In light of recent discussions, I wanted to jot down a few things that come to mind when what I think about SFWA has to offer game writers, because there’s actually quite a bit.
- Access to SFWA promotional resources includes a number of venues quite suitable for publicizing games. Our curated Kickstarter page, the New Release Newsletter (which can easily be expanded to include games), the SFWA blog, SFWA’s presences on Facebook and Twitter. It’d be easy to make the Featured Book section a Featured Work section to go with Authors section on the SFWA website.
- Even the book-specific promotional features, such as the NetGalley program, may be of use to game writers who are doing books or stories as well, as is often the case.

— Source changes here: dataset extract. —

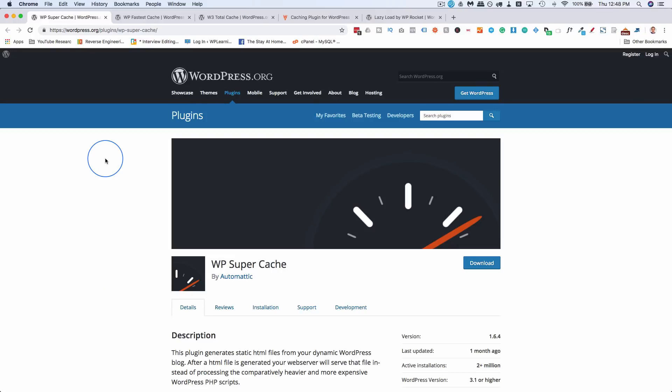This video is going to be similar to the security plugin video I did earlier. It's linked in the description down below, and we didn't pick these site speed plugins just willy-nilly. We picked them because they have large amounts of users with good ratings, or I have had personal success with them.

- SFWA has been working at relationships with a number of companies that will be of interest to game writers. Our Outreach Committee has monthly checkins with representatives at Amazon, Audible, Draft to Digital, Kickstarter, Kobo, Patreon, and more.
- The Nebula Weekend is SFWA’s main event, but we also maintain a suite for members at Worldcon each year where they can find food, drink, and a quiet space. SFWA has tables at numerous events each year, and is currently working to partner with several Comic Cons to facilitate members appearing on programming.
- Fellowship with other creators is an intangible thing, but it’s one of the organization’s main benefit. On the discussion forums, in the Chat Room, via the Singularity or Bulletin: there are plenty of ways to find fellow professional creatives to exchange tips, techniques, and sometimes just pet photos.
- The Emergency Medical Fund and Legal Fund are available to active members to make no-interest loans or grants as needed for medical or legal emergencies.
- A voice in what SFWA does is another intangible but important benefit. Members looking for interesting and engaging volunteer work can find it among the group of 200+ volunteers and staff that keep the 51 year old organization running.
- A ton of reading material put up on the SFWA discussion forums for member evaluation for awards, as well as an opportunity to recommend terrific work on the Nebula Recommended Reading List and help determine the winners of each year’s Nebula Award.
- Recognition that game writing can be an art form, as much as any movie, book, or story. We’re discussing a Nebula Award for game writing – if they want a voice in what that looks like, SFWA is listening.
SFWA’s got plenty of other efforts in the works, but I’ll wait till they’re tangible before beginning to toot those horns. When they manifest, there’ll be even more reason to join. For now, this actually seems like quite a bit to me, and as I noted, for those game writers who dabble in fiction, there’s even more compelling reasons to join.
I’ll be at Gen Con at the beginning of next month and will be hosting a town hall open session for questions about SFWA and game writers there.